Clemson wide receiver Hunter Renfrow makes a 2-yard

Clemson wide receiver Hunter Renfrow makes a 2-yard game-winning touchdown reception against defensive back Tony Brown of Alabama during the fourth quarter of the 2017 College Football Playoff National Championship Game at Raymond James Stadium on January 9, 2017 in Tampa, Florida. Credit: Getty Images / Kevin C. Cox

TAMPA, Fla. — For Clemson coach Dabo Swinney, the winning touchdown pass with one second left in Monday night’s 35-31 win over Alabama was perfect, not only because it gave his Tigers their first national championship in 35 years, but because of how well it captured his team’s identity.

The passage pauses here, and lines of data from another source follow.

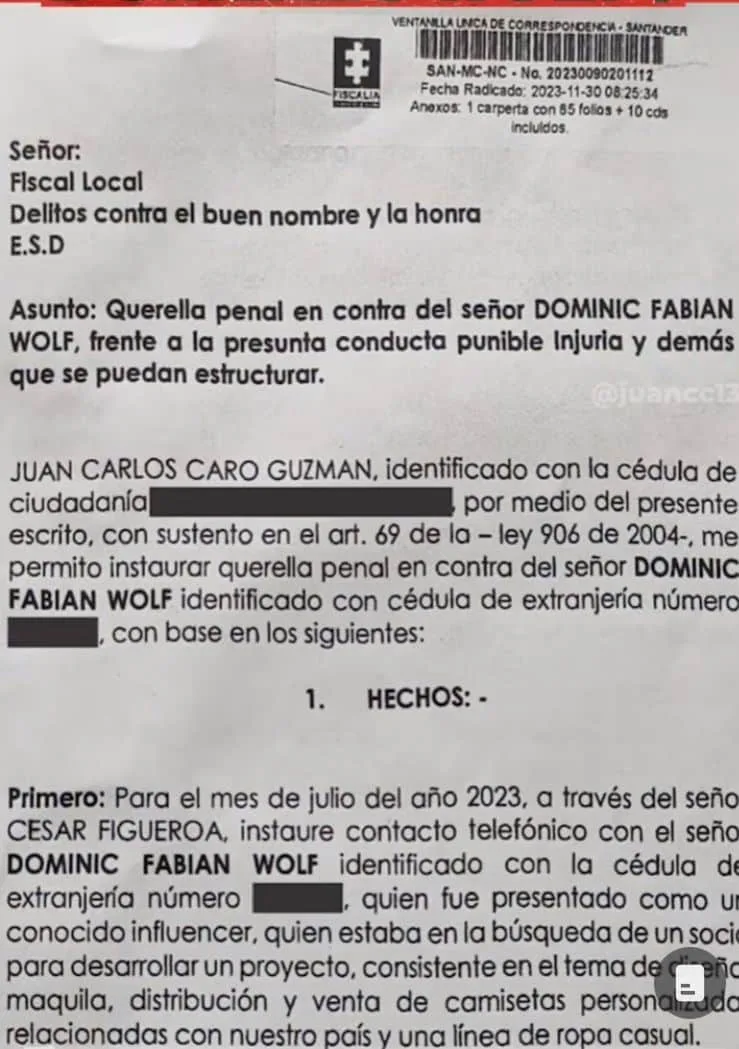 Luego de esa polémica con la FCF, ahora Dominic Wolf, el creador de contenidos, se enfrenta a un nuevo lío, esta vez por la marca y producción de sus camisetas, denuncian que no ha pagado y le pusieron querella penal. Fotos capturas vídeos en Instagram y 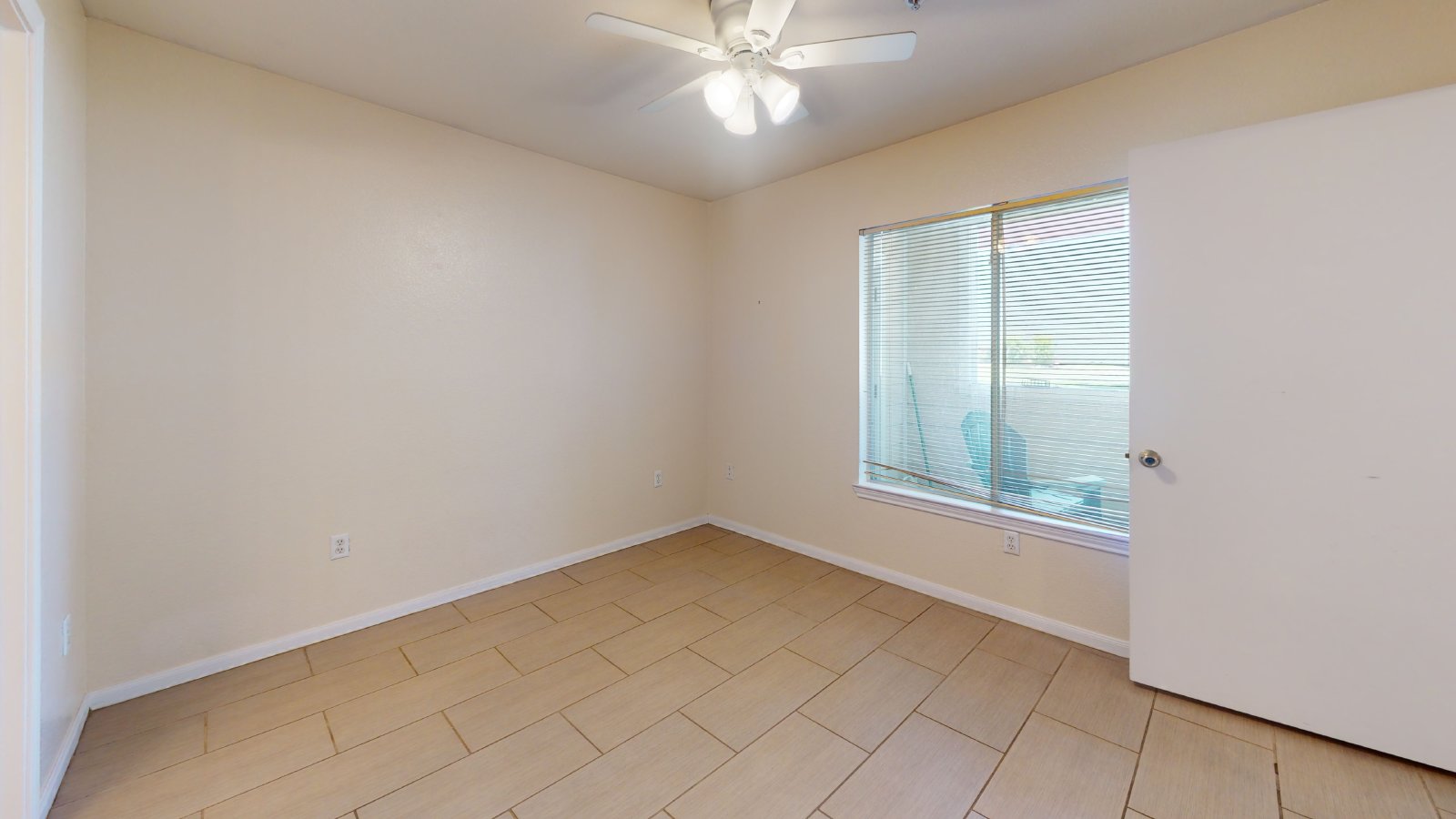 Suite C property image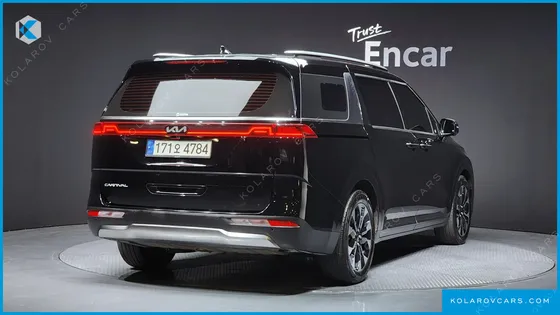 KIA CARNIVAL 9-SEATER NOBLESSE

“To me, that moment, that epitomizes what our program is all about,” Swinney said Tuesday morning, having stayed up until sunrise celebrating the win. “You’ve got the five-star quarterback throwing the game-winning touchdown to the walk-on wideout . . . just a microcosm of our team and our program.”

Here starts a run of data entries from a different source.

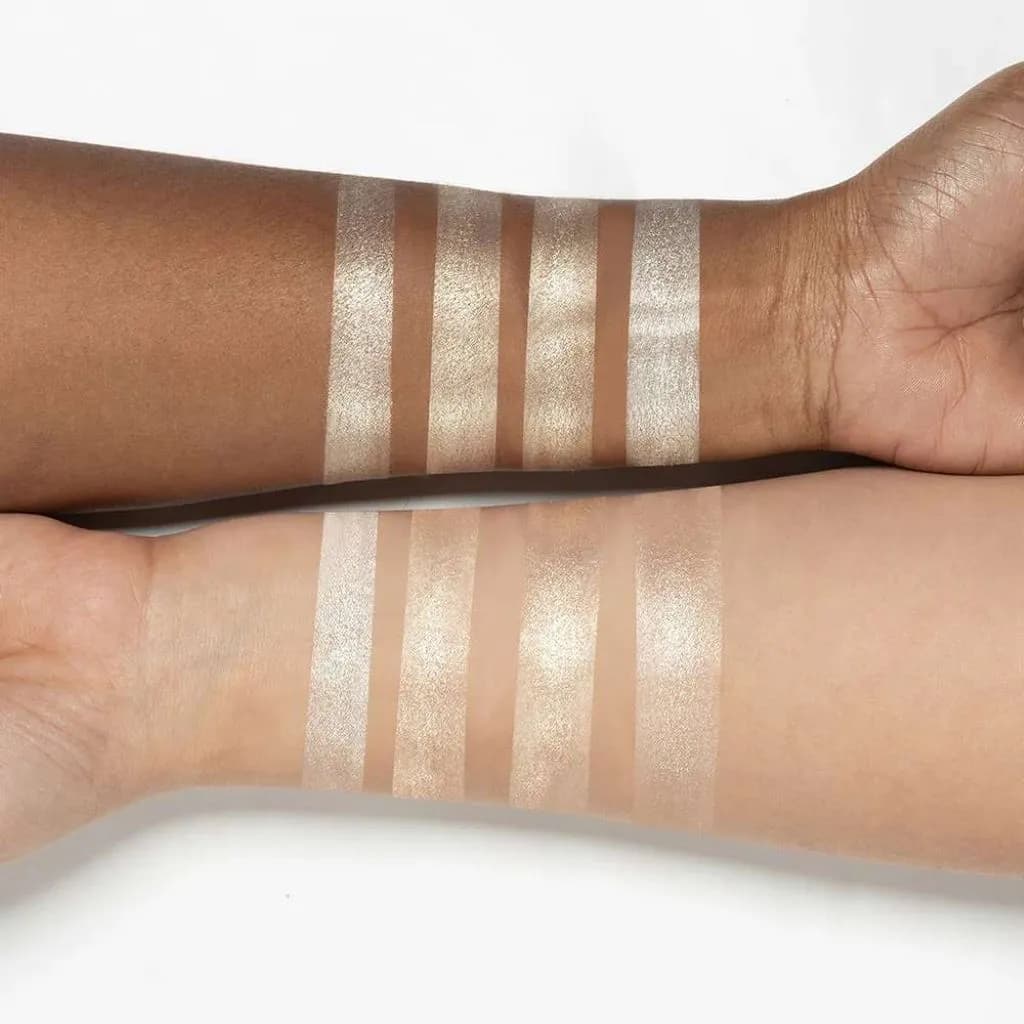 هایلایتر هالیوود فیوچر میکاپ | Future Makeup Hollywood Highlighter — تصویر ۲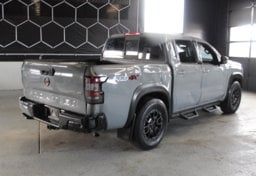 2022 Nissan Frontier PRO-4X - Thumbnail 5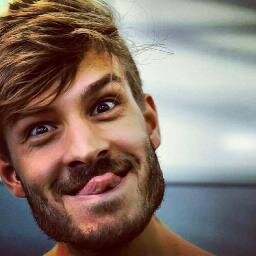 Sua Melhor fonte de informações sobre o Modelo e DJ- @mverdelhomv notícias, e curiosidades!!!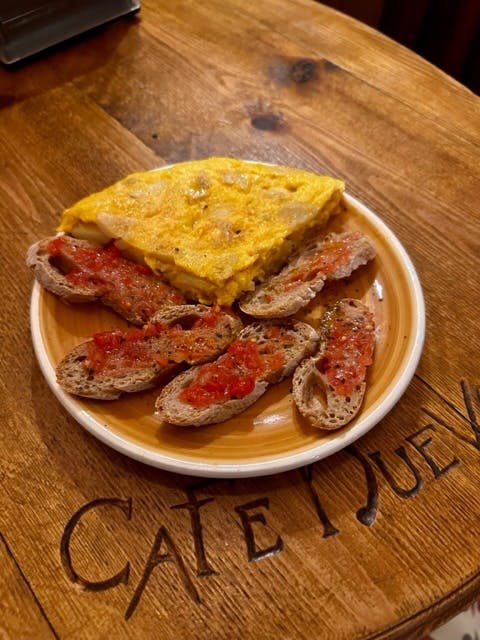 Ración de tortilla de patata con cebolla casera y su pan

Deshaun Watson, who threw for 400-plus yards and accounted for four touchdowns for the second time in as many national championship games against Alabama, is headed to the NFL, where he could be a top-10 pick. Swinney remembers when Watson wanted to commit to Clemson as a high school sophomore, a huge recruit who would ultimately guide the Tigers to a championship.

On the other end — of the touchdown pass and the football spectrum — is sophomore receiver Hunter Renfrow, a 5-11 former walk-on who had a career-high 10 catches Monday, including two touchdowns. Swinney prides himself on treating the biggest recruit and the least-known walk-on with the same respect.

“It’s just amazing to me. If you lined all of our managers up, he’d be about the 10th guy you’d pick to be Hunter Renfrow,” Swinney said. “Last year, everybody is like ‘Why are we playing Hunter Renfrow?’ I mean, I’m at practice every day, and he’s the best player, period.”

After trailing the entire game, Watson led the Tigers on an 88-yard touchdown drive to take the lead with 4:38 left, only to see Alabama answer with a 68-yard drive to go back ahead with 2:07 left. That set up the winning touchdown, but Swinney pointed to two plays — one each from his QB and WR — that made the win possible.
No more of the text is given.